Cardiac tumors are amongst the rare diseases of the heart with an incidence of 0.02%. Atrial myxomas constitute more than 50% of all benign cardiac neoplasms with majority arising from the LA [1, 2]. The patient may present with symptoms of cardiac failure, depending upon the site of mass and level of obstruction caused by the mass. Patients also exhibit a variety of neurologic syndromes even in the absence of cardiac symptoms [3]. Systemic embolization is the second frequent presentation (29%) in patients with left atrial myxomas and embolization occurs frequently to cerebral vessels resulting in stroke (21%) [4]. There are also some rare neurological complications associated with myxoma such as cerebral aneurysms [5, 6] and myxomatous metastasis [3, 7, 8]. In the index case, it was a combination of cardiac myxoma with cerebral aneurysms and systemic embolization.

Cerebral aneurysms following cardiac myxomas are rare. The true incidence of myxoma-related aneurysms is unknown with only around 40 cases reported in the literature. Aneurysms secondary to cardiac myxoma may present before or after excision of the primary tumor. These aneurysms are usually multiple with fusiform or saccular shape, but mostly fusiform (91%) [5, 6]. In the present case, it was multiple with both fusiform and saccular types and was present before excision of the primary tumor.
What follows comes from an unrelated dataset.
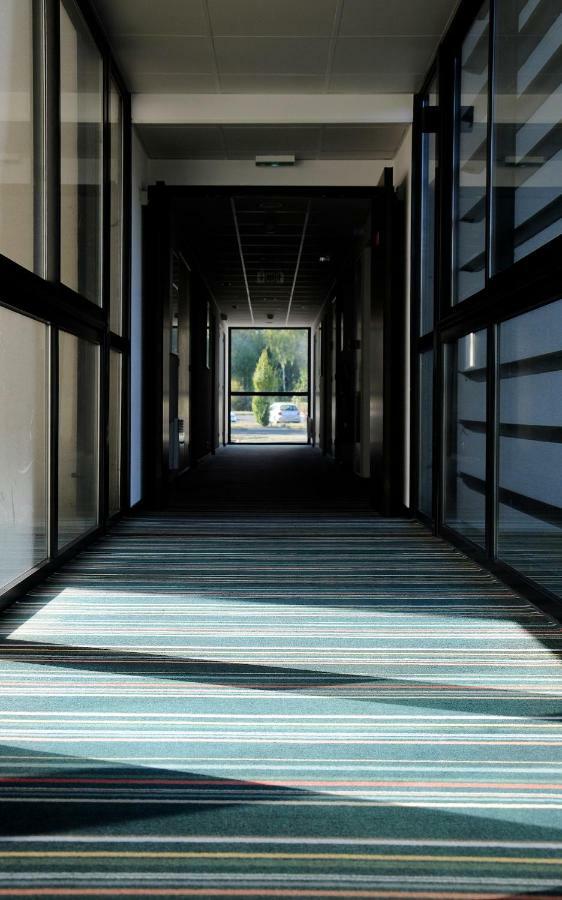 Ibis Styles Segre Hotel Exterior photo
The mechanism for aneurysm formation has not been well understood. The theory of “Metastasize and Infiltrate” remains the most acceptable one. Myxoma fragments metastasize to the brain and infiltrate the arterial wall thereby interrupting the elastic lamina, leading to vessel dilatation and aneurysm formation. Histological studies have demonstrated proliferation of myxoma cells in the wall of aneurysms and interruption of the internal elastic lamina by invading cells. The same picture was seen in our patient’s histopathological examination [5, 6].

Magnetic resonance imaging (MRI) and CT scans can detect small infarcts, cerebral hemorrhage, or cerebral infarction. Myxomatous aneurysms on MRI may appear as tubular outpouchings of cerebral arteries within the sulci on T1- and T2-weighted images. On a CT scanner, aneurysms appear hyperdense spontaneously secondary to the accumulation of myxoid matrix in the wall of the aneurysm [8].

Resection of LA myxoma requires CPB support. Considering the risks of the extension of intracranial bleed in our patient, the cardiac surgery was delayed by 4 weeks.

Conclusion

The triad of cardiac myxoma with intracranial aneurysm along with systemic embolization should be kept in mind in evaluating cardiac myxoma patients and preoperative CT or MRI of the brain should be mandatory to prevent disastrous complications.